We train a model to predict attributes such as car type, brand, number of doors, and number of seats. The model can also predict the orientation of the front of the car with respect to the camera.

Data attributes

The attributes have the following values:

Type: 12 types, e.g., Sedan, Hatchback, Estate.
Brand: 161 brands.
Number of doors: from 2 to 5.
Number of seats: 2,4,5, or more than 5.
Orientation: a continuous value from 0 and 360.

Dataset

We use two datasets: PASCAL3D+[3] and CompCars[4]. The former is used to train a predictor for the car’s orientation. The latter is used for training the rest of the predictors.

Model

We use a probabilistic classifier with multiple predictions, one per attribute, on top of a feature extractor. In particular, we use InceptionResnetV5 [1] pre-trained on ImageNet [2] as feature extractor for our model. The probabilistic nature of our classifier allows us to obtain a certainty measure for each attribute's predictions. This means that the model can be fed with images of cars and produce a prediction for the corresponding attributes and measure the certainty of that prediction.

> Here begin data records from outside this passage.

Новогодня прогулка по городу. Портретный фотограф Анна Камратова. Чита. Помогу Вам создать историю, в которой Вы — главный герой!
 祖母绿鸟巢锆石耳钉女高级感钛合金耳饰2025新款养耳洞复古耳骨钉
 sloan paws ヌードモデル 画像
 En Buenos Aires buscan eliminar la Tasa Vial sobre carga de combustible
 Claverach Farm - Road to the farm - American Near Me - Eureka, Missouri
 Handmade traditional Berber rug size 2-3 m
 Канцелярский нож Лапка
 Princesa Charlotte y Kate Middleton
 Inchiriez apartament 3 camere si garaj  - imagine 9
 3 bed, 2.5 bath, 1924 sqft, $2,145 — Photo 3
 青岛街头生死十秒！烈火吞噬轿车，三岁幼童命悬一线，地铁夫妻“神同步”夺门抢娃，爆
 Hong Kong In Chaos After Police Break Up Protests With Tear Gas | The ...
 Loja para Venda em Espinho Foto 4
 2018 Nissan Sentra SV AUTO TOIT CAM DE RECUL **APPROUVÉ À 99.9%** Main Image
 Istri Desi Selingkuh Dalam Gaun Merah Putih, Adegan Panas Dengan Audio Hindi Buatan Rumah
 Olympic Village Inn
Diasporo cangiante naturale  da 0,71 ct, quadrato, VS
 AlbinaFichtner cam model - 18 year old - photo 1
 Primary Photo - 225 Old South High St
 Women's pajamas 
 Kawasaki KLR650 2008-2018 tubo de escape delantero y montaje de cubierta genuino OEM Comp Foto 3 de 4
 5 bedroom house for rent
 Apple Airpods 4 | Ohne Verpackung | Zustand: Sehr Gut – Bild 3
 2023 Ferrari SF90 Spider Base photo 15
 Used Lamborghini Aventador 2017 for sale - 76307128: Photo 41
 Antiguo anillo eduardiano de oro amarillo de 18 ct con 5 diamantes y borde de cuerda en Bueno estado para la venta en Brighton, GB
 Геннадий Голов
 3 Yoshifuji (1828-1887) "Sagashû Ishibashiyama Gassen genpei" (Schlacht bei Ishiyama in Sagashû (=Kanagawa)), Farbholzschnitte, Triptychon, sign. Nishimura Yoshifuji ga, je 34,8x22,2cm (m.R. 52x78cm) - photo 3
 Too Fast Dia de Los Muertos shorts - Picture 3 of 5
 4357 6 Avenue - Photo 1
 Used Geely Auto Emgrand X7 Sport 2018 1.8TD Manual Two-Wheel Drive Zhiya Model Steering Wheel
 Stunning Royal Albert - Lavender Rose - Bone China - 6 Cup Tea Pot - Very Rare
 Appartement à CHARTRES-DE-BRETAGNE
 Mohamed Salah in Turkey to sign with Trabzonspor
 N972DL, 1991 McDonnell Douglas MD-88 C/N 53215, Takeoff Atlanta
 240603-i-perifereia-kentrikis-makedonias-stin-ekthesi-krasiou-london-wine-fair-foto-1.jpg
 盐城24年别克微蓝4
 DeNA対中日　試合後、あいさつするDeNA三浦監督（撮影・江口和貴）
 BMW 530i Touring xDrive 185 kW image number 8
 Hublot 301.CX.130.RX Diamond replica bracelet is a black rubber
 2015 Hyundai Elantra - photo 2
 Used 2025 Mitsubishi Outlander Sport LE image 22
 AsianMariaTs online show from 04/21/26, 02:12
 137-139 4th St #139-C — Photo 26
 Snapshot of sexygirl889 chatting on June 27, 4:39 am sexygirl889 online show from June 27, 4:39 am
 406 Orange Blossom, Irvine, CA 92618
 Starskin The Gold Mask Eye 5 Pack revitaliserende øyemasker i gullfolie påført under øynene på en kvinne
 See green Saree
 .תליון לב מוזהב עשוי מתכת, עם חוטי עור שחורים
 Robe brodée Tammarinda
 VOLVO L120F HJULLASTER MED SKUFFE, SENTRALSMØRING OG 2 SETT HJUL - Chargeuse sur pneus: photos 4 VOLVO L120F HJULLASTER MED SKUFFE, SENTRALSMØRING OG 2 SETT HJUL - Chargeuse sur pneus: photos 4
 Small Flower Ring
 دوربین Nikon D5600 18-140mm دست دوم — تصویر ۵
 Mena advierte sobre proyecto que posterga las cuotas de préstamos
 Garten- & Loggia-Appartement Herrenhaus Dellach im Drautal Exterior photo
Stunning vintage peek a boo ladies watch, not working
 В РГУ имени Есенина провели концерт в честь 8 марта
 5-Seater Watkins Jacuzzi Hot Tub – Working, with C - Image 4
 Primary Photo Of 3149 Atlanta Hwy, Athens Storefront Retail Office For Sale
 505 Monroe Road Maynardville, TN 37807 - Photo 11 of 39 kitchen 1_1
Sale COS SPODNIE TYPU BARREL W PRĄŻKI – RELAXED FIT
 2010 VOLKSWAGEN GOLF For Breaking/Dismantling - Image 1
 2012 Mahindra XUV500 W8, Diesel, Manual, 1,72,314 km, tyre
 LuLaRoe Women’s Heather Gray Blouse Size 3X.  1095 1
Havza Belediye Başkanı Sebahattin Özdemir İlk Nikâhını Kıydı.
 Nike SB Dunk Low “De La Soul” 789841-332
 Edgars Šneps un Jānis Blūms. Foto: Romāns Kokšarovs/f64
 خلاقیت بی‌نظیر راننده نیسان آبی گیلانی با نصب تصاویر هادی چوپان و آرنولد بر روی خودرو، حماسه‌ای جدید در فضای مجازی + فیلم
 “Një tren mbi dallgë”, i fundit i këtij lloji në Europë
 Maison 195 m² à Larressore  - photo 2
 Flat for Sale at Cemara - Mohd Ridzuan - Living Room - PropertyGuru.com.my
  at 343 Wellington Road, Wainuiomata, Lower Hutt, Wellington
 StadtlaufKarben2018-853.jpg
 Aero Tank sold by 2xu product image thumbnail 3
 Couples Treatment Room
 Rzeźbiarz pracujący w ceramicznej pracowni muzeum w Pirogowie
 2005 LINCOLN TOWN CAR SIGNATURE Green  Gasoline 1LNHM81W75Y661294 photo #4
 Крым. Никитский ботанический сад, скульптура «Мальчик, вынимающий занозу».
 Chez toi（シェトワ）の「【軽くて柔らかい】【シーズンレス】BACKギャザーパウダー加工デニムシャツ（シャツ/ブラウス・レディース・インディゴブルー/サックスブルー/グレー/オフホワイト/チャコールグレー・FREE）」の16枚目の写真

Input Image is passed through a neural network backbone for feature extraction. The features are passed to create multiple predictions that estimate the car's attributes in the image with a certain certainty per attribute.

Predicting certainty

As we have mentioned, we assume that the certainty of a model’s prediction serves as a measure of an image’s quality in depicting the corresponding attribute. Higher certainty in a prediction means higher quality. Probabilistic classifiers provide natural ways of representing the certainty¹ of a prediction with respect to a probability distribution over a neural network's possible predictions. In the case of the car's attributes, we have two possible types of distributions: discrete and continuous.

Attributes such as type, brand, number of doors, and number of seats are discrete. This means that each of the attribute predictions that we produce for an image should show a probability distribution over all possible interest classes. This distribution can be achieved by using a softmax activation function in the last layer of each of the corresponding predictions. The entropy of the probability distribution determined by the softmax can be considered a measure of the prediction's uncertainty, where higher entropy means less certainty.

Examples of low certainty and high certainty predictions in the car type classification

Predictions for the car's orientation are a continuous probability density over the possible angles of the relative orientation a car can have with respect to the camera that took the picture. We use the approach presented in [5] to build the orientation model. The output of the prediction is two-fold: a location parameter that determines the most likely angle that an image is predicted into and a scale parameter that represents the certainty of the prediction. The output of the orientation tells us the predicted angle for an image and a measure of the certainty of that prediction.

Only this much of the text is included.